A questo, nel discorso del Presidente si aggiunge l’intensificarsi della presenza di forze dell’ordine nelle strutture scolastiche e un’accentuata attenzione posta su alunne e alunni considerati “socialmente problematici” nei contesti educativi.
Una psicosi politica riportata ampiamente dai media, che ritornano ad essere al centro di numerose critiche dopo la diffusione di notizie incerte e sensibili sulle due sparatorie.
I dettagli riportati da Vučić e dal capo della polizia di Belgrado, Veselin Milić, sull’identità del tredicenne responsabile dell’omicidio di massa nella scuola sono il chiaro esempio di una crisi del codice etico dell’informazione.
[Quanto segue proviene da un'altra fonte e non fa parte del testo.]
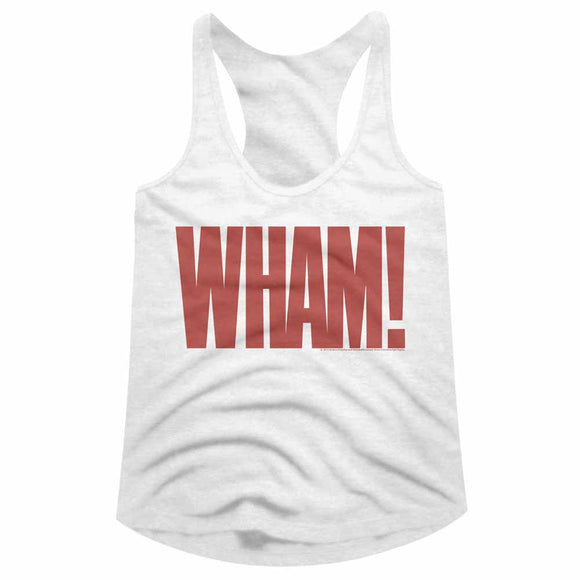 Wham Ladies Racerback Tanktop Red Logo White Tank - Yoga Clothing for You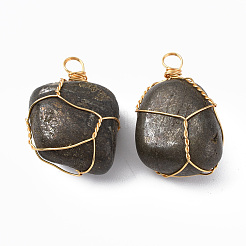 Natural Chalcopyrite Pendants&nbsp;G-N332-50-08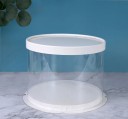 Gift Box Cylindrical Foldable 16 × 22 cm Plastic with Lid Coloured Packaging for Cake Sweets Gifts Transparent Container 3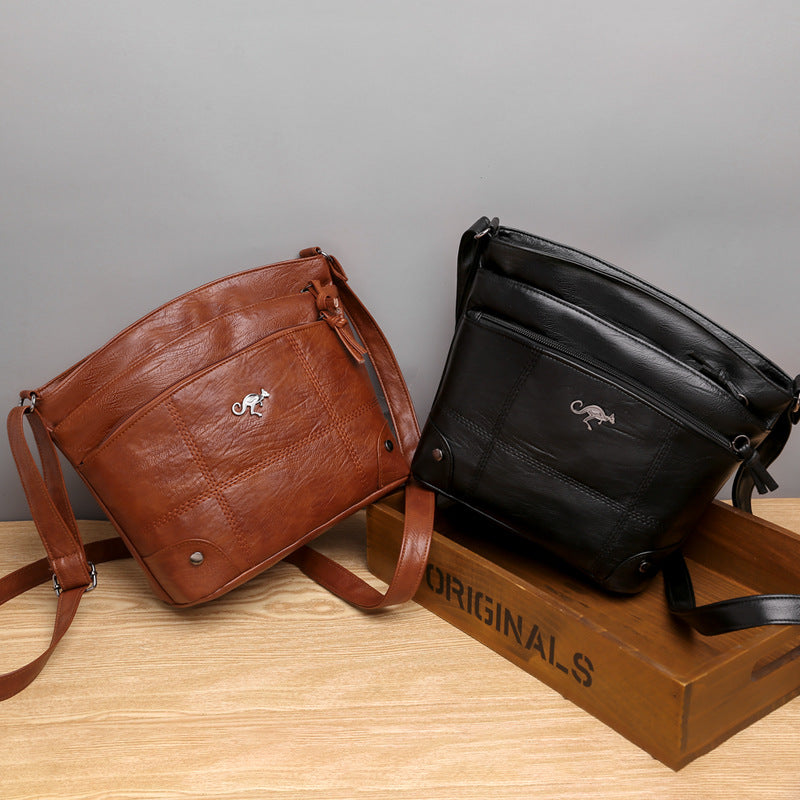 Gluschwein - Kuriertasche aus weichem Leder mit mehreren Taschen und großer Kapazität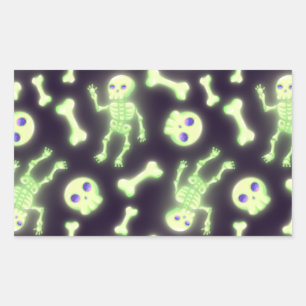 Sticker Rectangulaire Halloween mignon Éffrayant brillant squelette os c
Una mobilitazione storica: la Serbia contro la violenza
Oltre al fiume di gente accorsa sui luoghi delle tragedie, in molte città sono state organizzate manifestazioni.
In particolare, l’opposizione ha dato il via alla protesta “Serbia Against Violence”, con la quale si richiede la chiusura di tutti gli organi di informazione e dei programmi vicini al governo che promuovono la violenza e che violano le norme deontologiche, nonché le dimissioni dei membri del Comitato governativo di regolazione dei media elettronici (REM), del ministro dell’Interno, Bratislav Gašić, e del direttore dell’Agenzia per la sicurezza dello Stato, Aleksandar Vulin.
Le proteste sono culminate nel corteo di venerdì 12 maggio, con una marcia che ha coinvolto decine di migliaia di serbi uniti nel motto della manifestazione contro la violenza.
Viene fatto appello ad un concetto di sicurezza differente, che possa trovare risposta in un parlamento che rifiuta l’autocrazia e la corruzione, in un sistema di informazione sicuro e affidabile.
La mobilitazione dell’opposizione è stata contestata da Vučić, che l’ha accusata di “giocare con le emozioni delle persone”, richiamando i suoi lealisti da tutta la Serbia ad una grande contro-manifestazione filo-governativa il 26 maggio.
La militarizzazione come concetto chiave
Non è una novità: la cultura delle armi nei Balcani occidentali è particolarmente radicata. Le guerre degli anni Novanta che hanno portato alla disgregazione della Jugoslavia hanno lasciato in mani private un numero considerevole di armi di livello militare.
Nello specifico, la Serbia è al primo posto in Europa per numero di armi possedute ogni cento abitanti – al quinto, nel ranking mondiale di World Population Review.
Dati che si riferiscono a quelle legalmente registrate: vanno a ciò aggiunte le armi automatiche e gli ordigni esplosivi per cui la legge serba (molto articolata sul tema) non consente l’emissione della licenza. Al contempo, fino alle tragiche vicende dei giorni scorsi, i casi di sparatorie di massa, a differenza di contesti come quello statunitense, risultano sporadici.
Una “relazione” con le armi, feticcio di una tradizione e di un’immagine militare del paese, che fa da contraltare alla più concreta paura che la Serbia stia vivendo una “normalizzazione della violenza”.
Come ci ricorda Marina Nadejin-Simić, psicologa intervistata da Al Jazeera, spesso è la televisione stessa a veicolare interviste in cui compaiono criminali condannati per diversi reati, dando spazio alla loro narrazione e alla glorificazione di un nazionalismo che celebra il revisionismo storico.
Si crea un ponte, un legame tra la direzione politica populista e il processo di militarizzazione che ha coinvolto la popolazione serba negli ultimi anni. Pompose parate, come lo spettacolo in “Difesa della libertà” organizzato a Niš nel 2019 per celebrare la potenza dell’esercito di Belgrado, la fiera internazionale delle armi, ampi spazi dedicati sui media alle esercitazioni militari – esempi di una narrativa che restituisce l’immagine degli armamenti come protagonisti della forza del paese.
Eventi drammatici come delle sparatorie di massa vanno analizzati in maniera trasversale e partendo dalla psiche individuale che guida verso gesti così estremi.
È altrettanto chiara la necessità di collocare i singoli all’interno di un tessuto sociale che, nel caso della Serbia, è da anni esposto alla retorica della violenza, come linguaggio che ricerca mezzi e contesti di espressione.